Also, your explanation on unnecessary requests is helpful. Having gone to great lengths to build a standards compliant site by hand, rather than using a bloated CMS, it would be a pity to undo that effort with an .htaccess rule that wastes resources - so thanks for explaining that.

Anyway, I've tried the exact code above, changing the example.com > mydomain.com but no dice.

What I get in the address bar if I request a page.html file is page.html/ - (note the extra /)

If I request an extensionless file eg /about I get mydomain.com/myerrorpage.html/- (note the extra /)

Requesting extensionless file with trailing slash /about/ yields correctpage.html/ but without the stylesheet loading (I guess I can fix that elswhere)

Other than the code you have provided here, there's nothing else in the htaccess other than the ErrorDocument rule.

So I'm a little lost now. Only reply if you have time - I guess I'll figure it out eventually on my own. I think you have to really understand rewrites and use them often to get this stuff right :)

jdMorgan

2:54 am on May 13, 2010 (gmt 0)

WebmasterWorld Senior Member 10+ Year Member



Yes, I forgot the negation operator on the first RewriteCond in the code I posted. I corrected it above to prevent others from copying and pasting bad code.

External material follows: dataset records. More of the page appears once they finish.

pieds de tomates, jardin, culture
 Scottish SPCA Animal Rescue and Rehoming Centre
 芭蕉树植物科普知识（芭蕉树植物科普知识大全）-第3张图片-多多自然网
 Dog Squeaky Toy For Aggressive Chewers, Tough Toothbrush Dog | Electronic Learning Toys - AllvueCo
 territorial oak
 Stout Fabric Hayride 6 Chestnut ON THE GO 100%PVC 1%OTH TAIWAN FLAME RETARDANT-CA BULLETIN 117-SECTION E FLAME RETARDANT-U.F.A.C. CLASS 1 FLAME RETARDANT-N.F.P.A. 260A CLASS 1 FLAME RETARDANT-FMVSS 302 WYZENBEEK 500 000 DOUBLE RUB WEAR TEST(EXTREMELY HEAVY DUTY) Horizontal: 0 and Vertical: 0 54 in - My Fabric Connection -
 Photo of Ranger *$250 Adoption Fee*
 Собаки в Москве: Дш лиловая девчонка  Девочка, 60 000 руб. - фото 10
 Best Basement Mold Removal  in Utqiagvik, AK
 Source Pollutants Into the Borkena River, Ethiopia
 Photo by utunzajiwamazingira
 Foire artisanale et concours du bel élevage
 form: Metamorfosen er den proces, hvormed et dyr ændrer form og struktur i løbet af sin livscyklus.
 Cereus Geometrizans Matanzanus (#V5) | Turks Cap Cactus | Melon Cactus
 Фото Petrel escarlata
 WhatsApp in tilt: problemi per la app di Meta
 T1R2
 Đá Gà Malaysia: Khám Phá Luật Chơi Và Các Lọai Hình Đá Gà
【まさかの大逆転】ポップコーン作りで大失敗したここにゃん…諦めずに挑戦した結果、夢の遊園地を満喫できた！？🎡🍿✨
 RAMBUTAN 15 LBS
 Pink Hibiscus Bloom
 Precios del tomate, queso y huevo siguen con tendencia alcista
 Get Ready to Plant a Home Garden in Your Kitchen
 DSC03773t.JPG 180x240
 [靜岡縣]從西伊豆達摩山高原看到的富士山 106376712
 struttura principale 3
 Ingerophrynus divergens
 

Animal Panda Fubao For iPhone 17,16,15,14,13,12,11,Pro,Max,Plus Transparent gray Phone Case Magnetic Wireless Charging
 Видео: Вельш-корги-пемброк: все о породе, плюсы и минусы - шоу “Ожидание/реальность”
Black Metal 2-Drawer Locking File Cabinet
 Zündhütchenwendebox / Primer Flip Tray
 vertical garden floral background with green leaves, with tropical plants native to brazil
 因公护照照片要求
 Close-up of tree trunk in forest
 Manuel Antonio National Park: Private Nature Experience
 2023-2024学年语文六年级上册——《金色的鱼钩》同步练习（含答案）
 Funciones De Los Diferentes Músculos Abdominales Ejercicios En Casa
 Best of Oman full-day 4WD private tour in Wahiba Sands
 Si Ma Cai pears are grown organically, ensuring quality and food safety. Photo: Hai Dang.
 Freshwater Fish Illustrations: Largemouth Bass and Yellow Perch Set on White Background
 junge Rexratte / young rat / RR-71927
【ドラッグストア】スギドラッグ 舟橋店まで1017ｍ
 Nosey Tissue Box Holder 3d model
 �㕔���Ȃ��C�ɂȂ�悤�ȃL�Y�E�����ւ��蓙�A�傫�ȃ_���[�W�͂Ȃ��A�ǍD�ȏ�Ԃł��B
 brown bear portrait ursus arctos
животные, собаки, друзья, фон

The missing stylesheet is because of your trailing slash. Your link to the stylesheet is a page-realtive link, I'll wager, so the browser uses "/page/" as the base directory when constructing the full URL that it must used to request the css file, instead of taking "/page.html" or "/page" and stripping that back to the current directory level before adding the css path to that.

So... there's another reason not to add a trailing slash.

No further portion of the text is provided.